2. Execution Proceedings
A foreign judgment may also be enforced by proceedings in execution in certain specified cases
mentioned in Section 44-A of the Code. The said section provides that where a certified copy of a
decree if any of the superior courts of any reciprocating territory has been filed in a District Court,
the decree may be executed in India as if it had been passed by the District Court. When a foreign
judgment is sought to be executed under Section 44-A, it will be open to the judgment-debtor to
rake all objections, which would have been open to him under Section 13 if a suit had been filed on
such judgment.
Conclusion
Private International law has become a necessity in this era of Globalisation. Nations are
connected with one another. It is now evident how nations work for economic prosperity
through economic cooperation. In such pursuit of material wealth, it becomes very obvious
that there will be clashes between parties engaging in the contract, not only in the contract
but also other legal issues may arise. For such issues, it becomes necessary to take help of
Private international law.
As discussed in various statutes of Indian Laws have taken into consideration the need for
the comity of the nations, which forms the foundation basis of Private International Laws.

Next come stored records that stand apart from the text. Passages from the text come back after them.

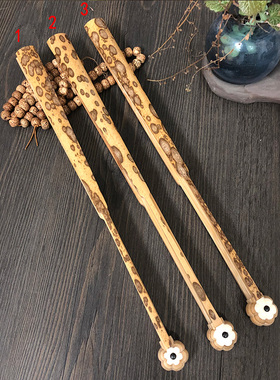 定制精品湘妃扇子9寸竹梅鹿折扇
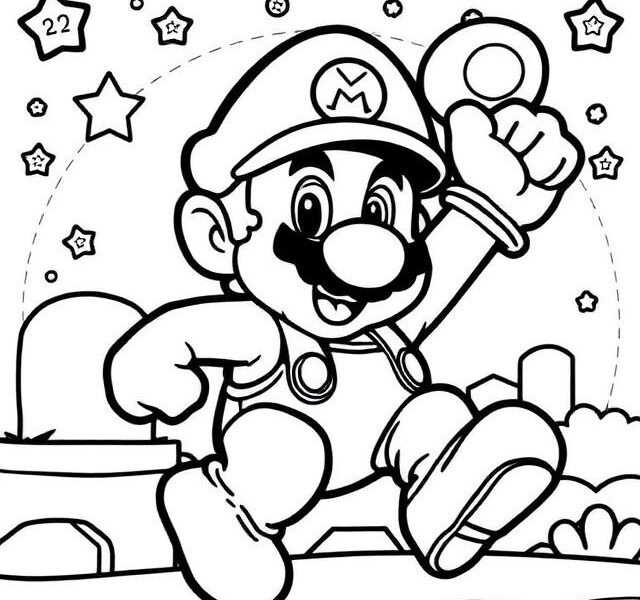 super mario colaoring pages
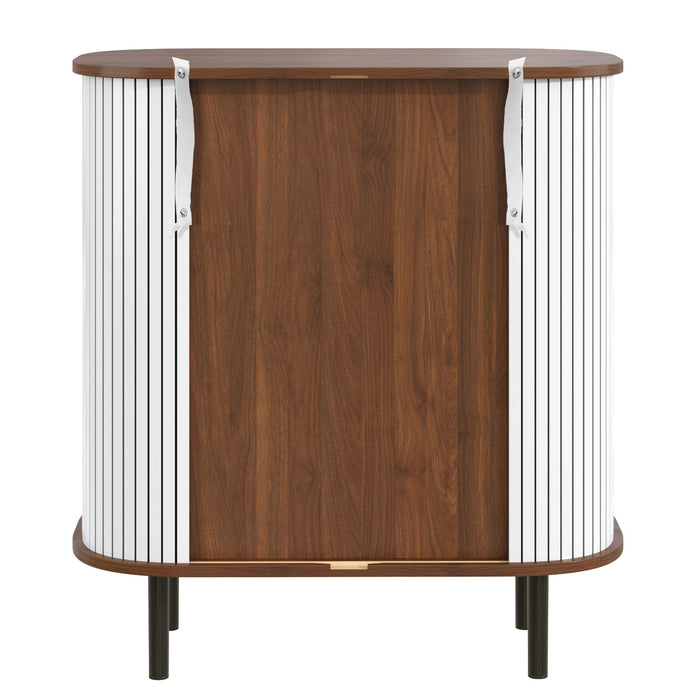 Fluted Wine Bar Cabinet With 8 Grid Wine Rack, 5 Level Adjustable Shelves, 2 Glass Holders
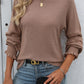 Mandy Ribbed Round Neck Long Sleeve T-Shirt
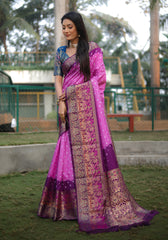 Wonderful Bandhani Wine With Pink Kanjivaram Silk Saree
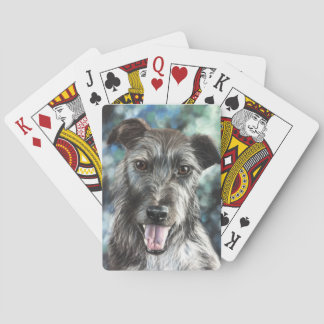 Grijze hondenpuppy pokerkaarten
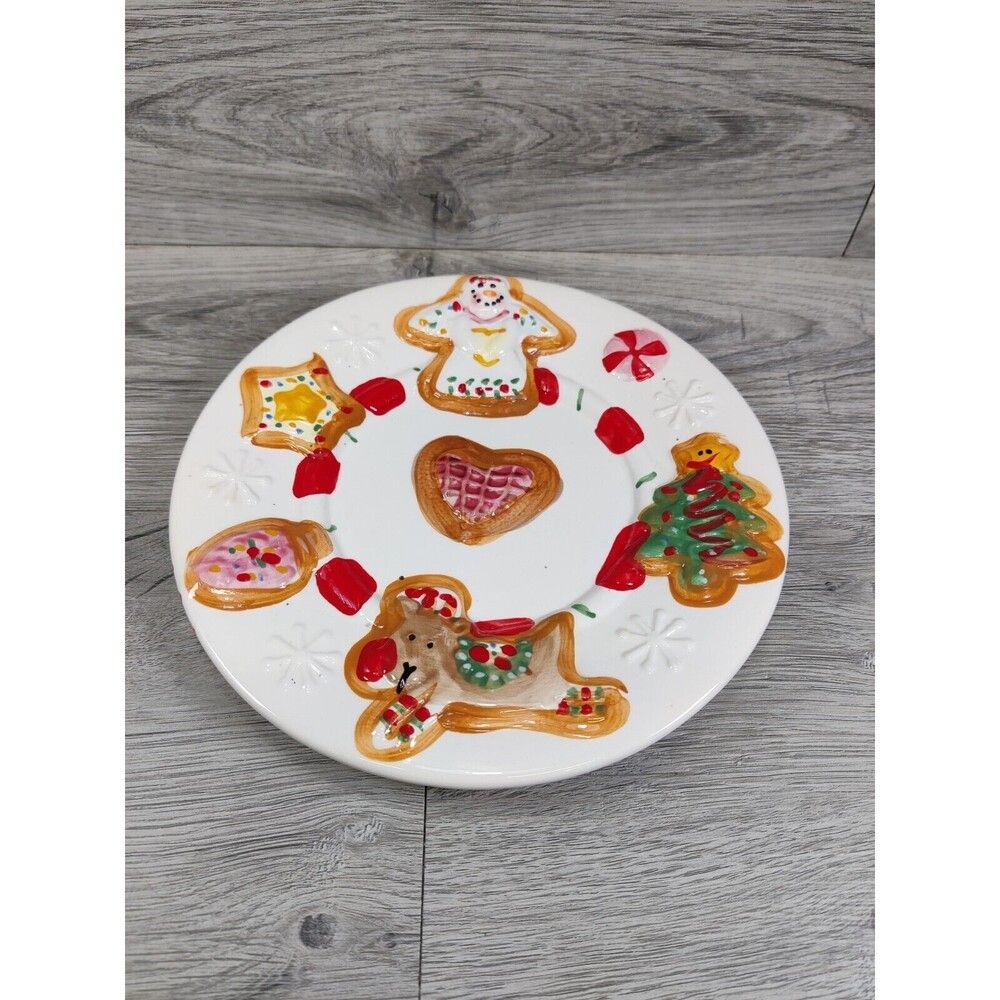 7.5" DECORATED CHRISTMAS PLATE WITH RAISED IMAGES / ANGEL/ TREE / REINDEER-Cute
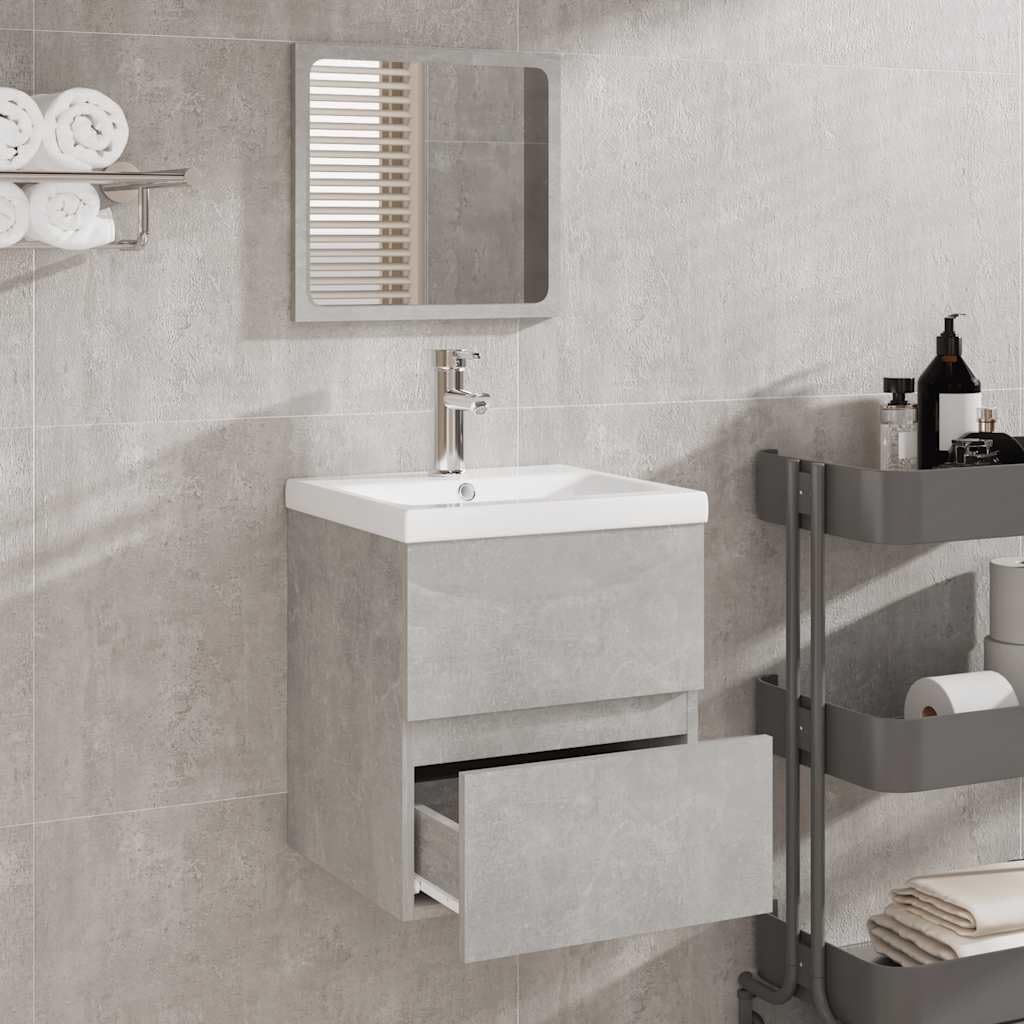Armario de baño con espejo, color gris hormigón, de madera, para montar en la pared, con cajón para mucho espacio de almacenamiento, armario de almacenamiento para debajo del lavabo para
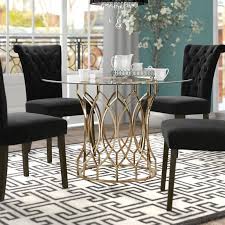 Rueter Dining Table Gold Dining Room Glass Round Dining Table Gold Round Dining Table
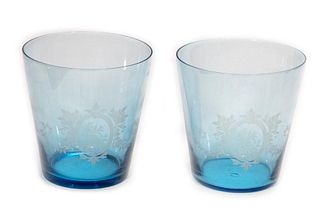 Pair Continental Glass Vases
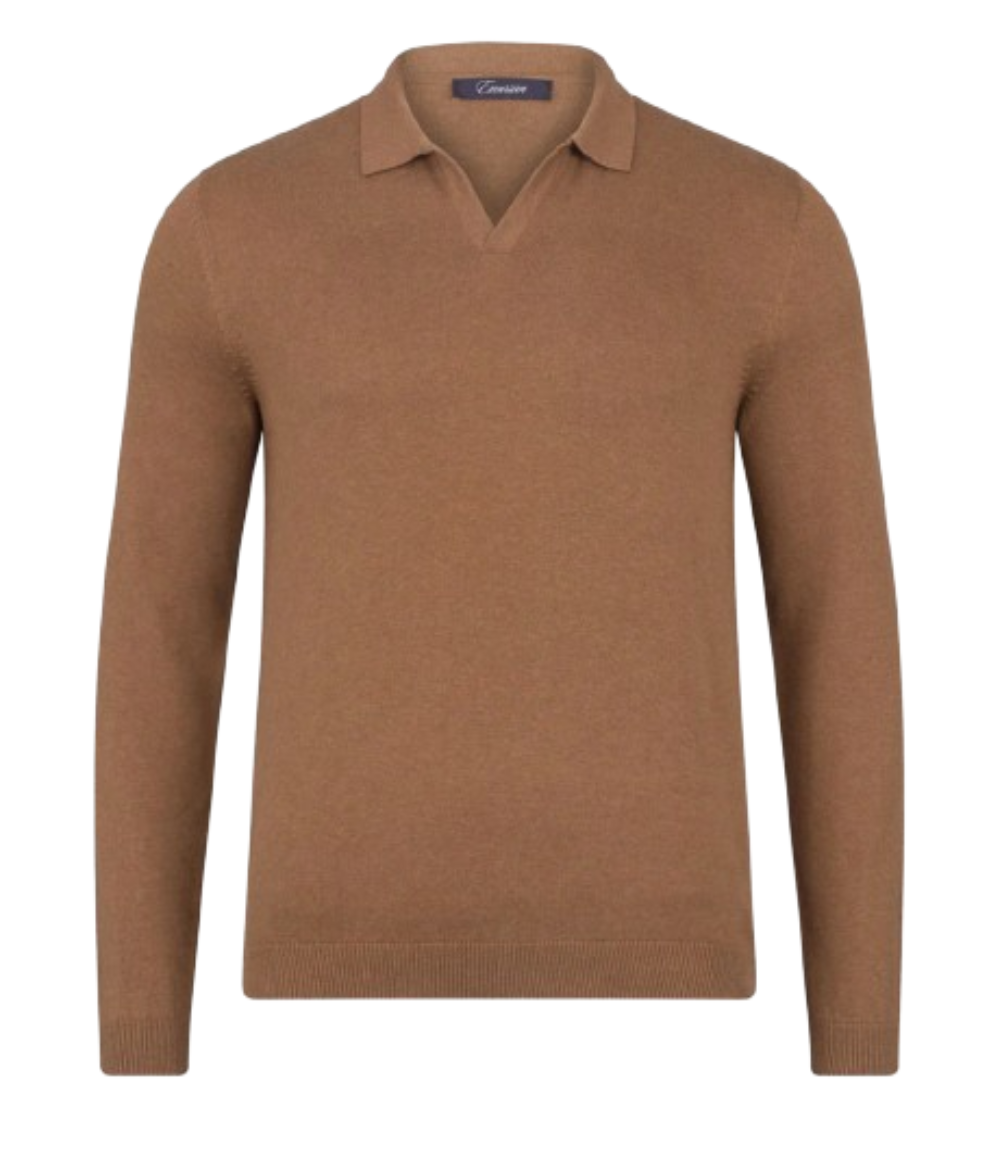 Brown Long Sleeve Cotton Buttonless Polo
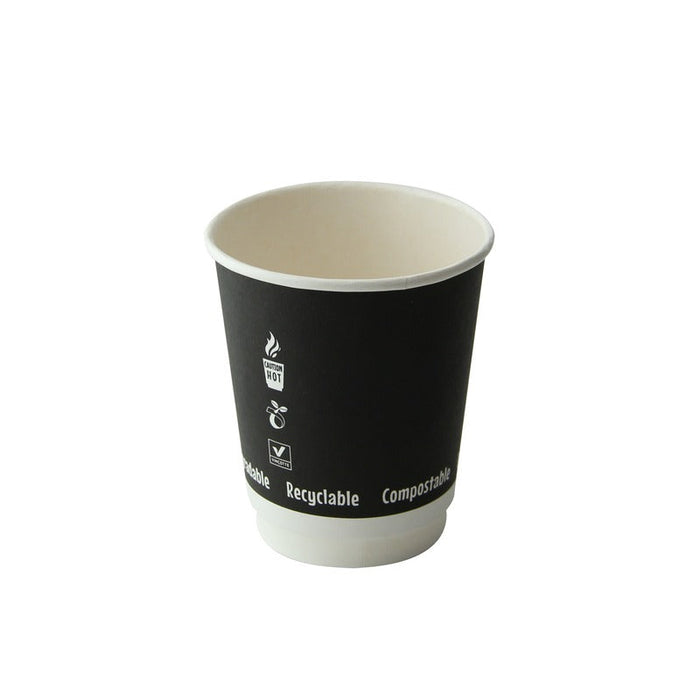 Gobelet carton double paroi noir sans plastique - 230 ml - Ø 8 cm - H 9,2 cm - 25 unités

Various countries follow the traditional rule, whereas few members of the European Union
follow Unified Private International Laws. there are various benefits that arise out of the use
of Unified Private International Laws. The law-makers and legislators should focus on
rectifying the discrepancies and the incoherency within the domestic law, in order to pave
the way for a much larger system of the Unified Private International Laws.